◆ Source material:
.....

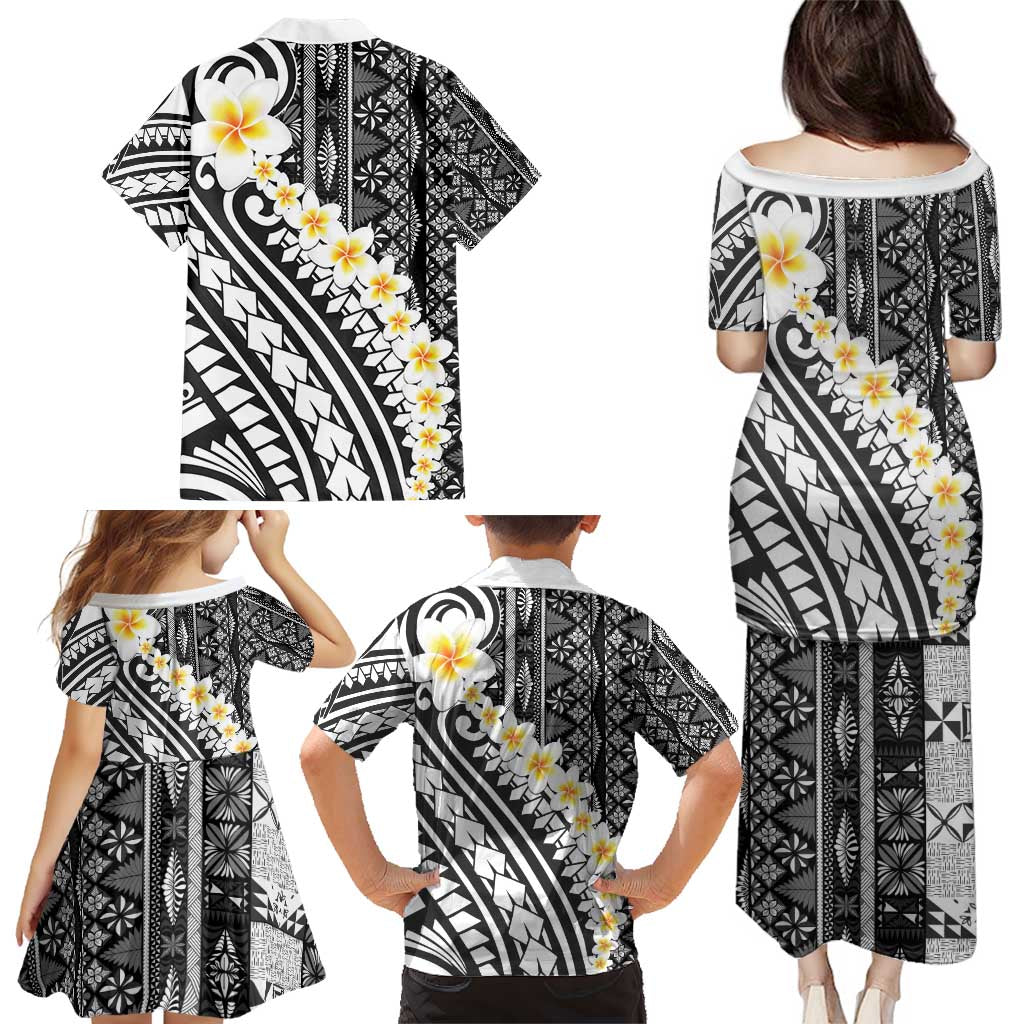 Black Vintage Tonga Ngatu Pattern With Plumeria Family Matching Puletasi and Hawaiian Shirt - Polynesian Pride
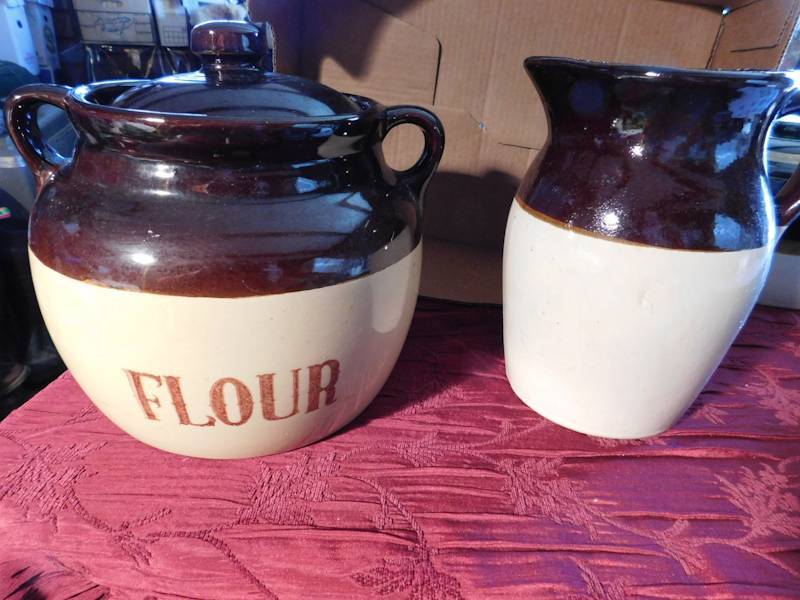 lot 164 image: brown flour pot crock and brown crock pitcher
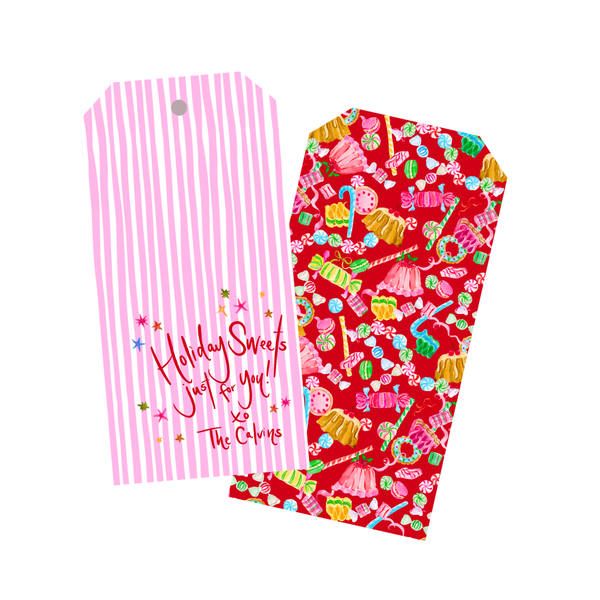 Jill Delavan For Fête Papier Holiday Sweets Hang Tags in Pink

.....

◆ Required action: Every word of the material, and none of its pictures, should be set down again.

◆ Task answer:
 Black Vintage Tonga Ngatu Pattern With Plumeria Family Matching Puletasi and Hawaiian Shirt - Polynesian Pride
 lot 164 image: brown flour pot crock and brown crock pitcher
 Jill Delavan For Fête Papier Holiday Sweets Hang Tags in Pink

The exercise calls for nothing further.